Но ведь любое парламентское избрание представителей палаты государств уже означает значительное приближение к принципу делегаций, поскольку практически оно приводит к тому, что партии отдельных государств направляют в эту палату своих доверенных лиц. Наоборот, прямые (естественно, строго демократические) народные выборы, и прежде всего — выборы по провинциям, до крайности усиливают последствия представительского принципа. Ибо всякие народные выборы палаты государств, и наиболее явно — в такой форме, принципиальным образом означают исключение правительств и парламентов отдельных государств. Т. е. как раз тех властей, каковые по радикально противоположному принципу делегатства в Бундесрате инструктировали своих доверенных лиц, становясь именно единственными носителями так сказать частично распределенных среди них федералистских притязаний в империи.

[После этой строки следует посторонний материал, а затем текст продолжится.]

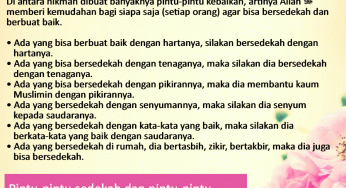 PINTU-PINTU SEDEKAH DAN PINTU-PINTU KEBAIKAN ITU BANYAK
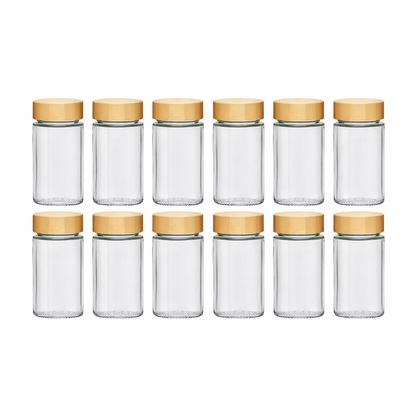Pots à Épices en Verre & Bambou – Lot de 12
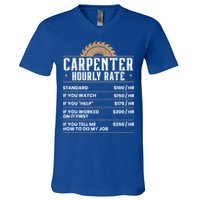 Carpenter Hourly Rate Woodworking Wookdworker Carpentry Gift V-Neck T-Shirt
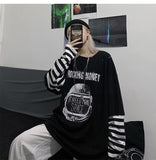 Purpdrank - Autumn tshirt Casual Letter Print O-Neck stripe Tees Creativity Loose T-Shirts Women Long Sleeve Oversize top Hip Hop Streetwear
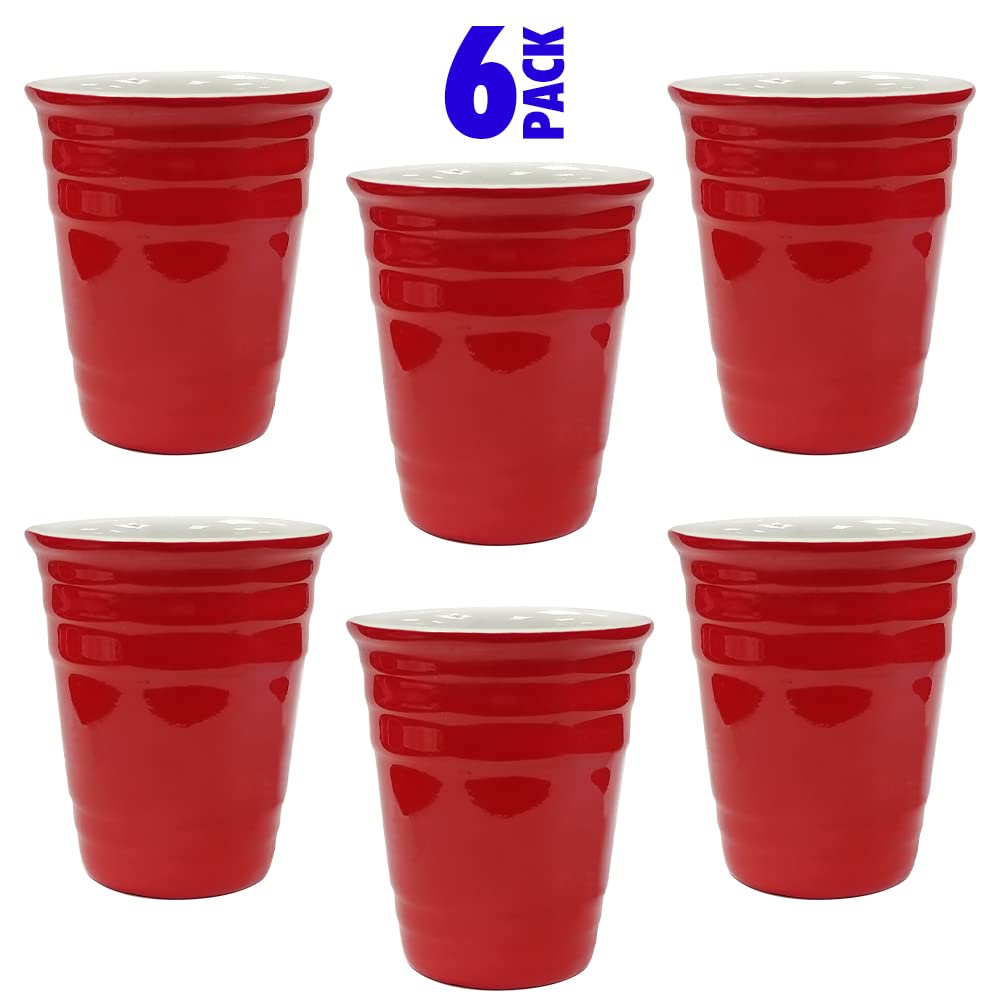 Rockin Red Ceramic Shot Glasses Set of 6 - 2 oz Fun Party Drinking Cups for Birthday, Bachelorette & Game Night - Durable Collectible Barware (6 Pack)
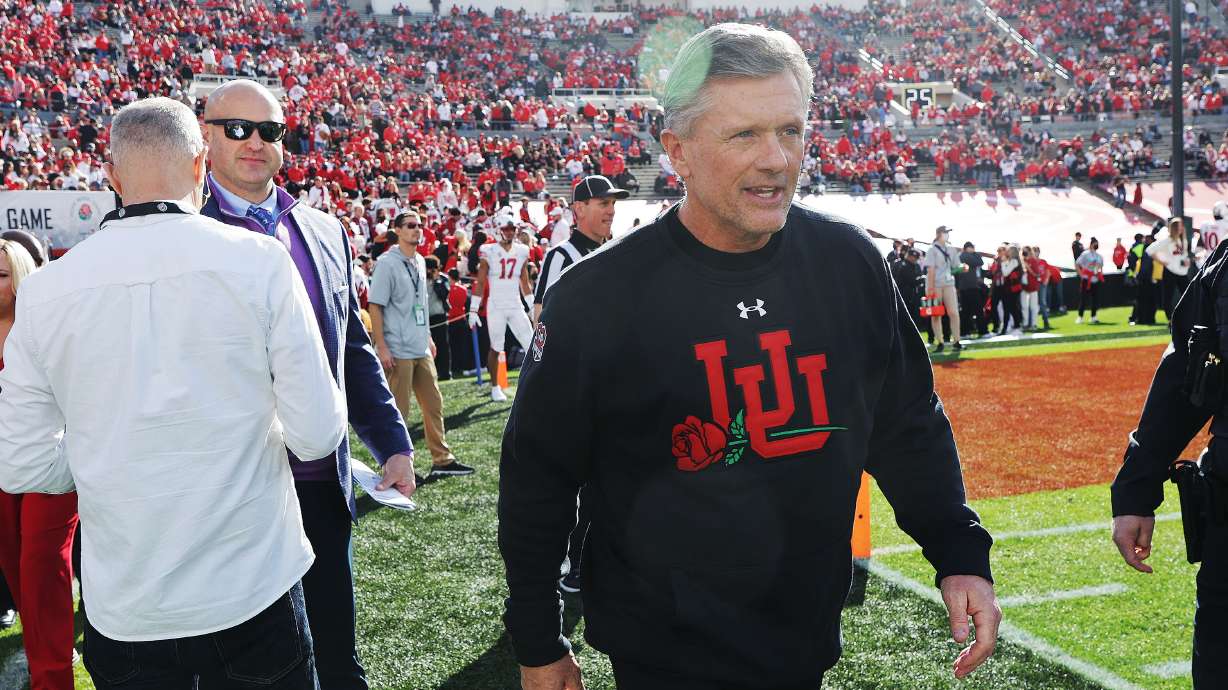 Utah Utes head coach Kyle Whittingham walks onto the field prior to the Rose Bowl in Pasadena on Saturday, Jan. 1, 2022.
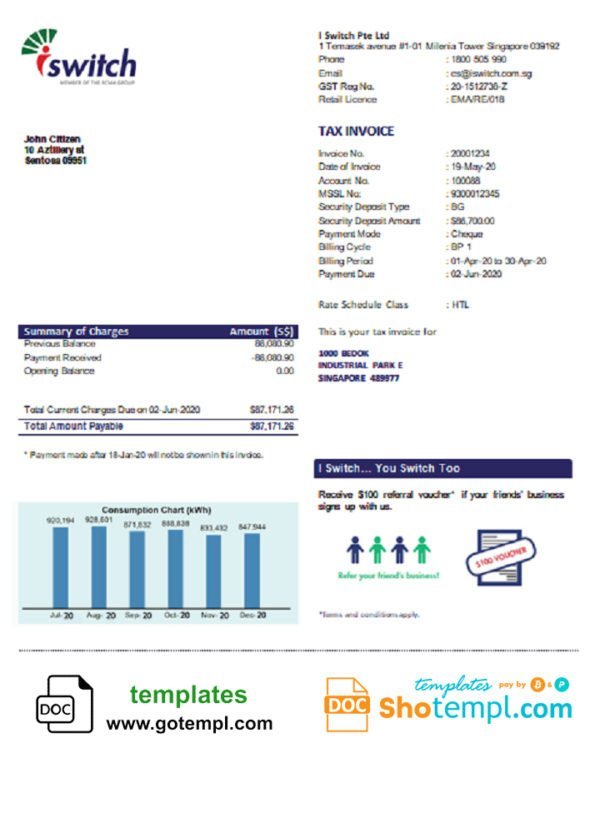 Singapore I Switch electricity utility bill template in Word and PDF format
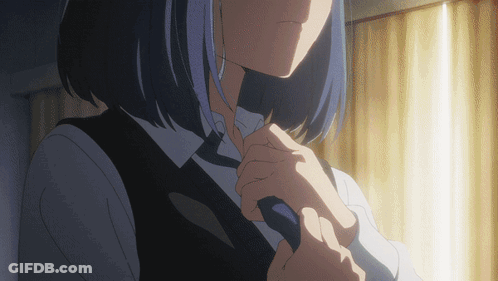 Girl With Blue Hair Adjusting Tie GIF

В противоположность этому прямые народные выборы в палату государств по территориальному принципу означали бы представительство не политических индивидуальностей, т. е. носителей политической власти в отдельных государствах, а представительство местных особенностей народа, т. е. партий, преобладающих в каждой крупной провинции. Мы все время возвращаемся к этому.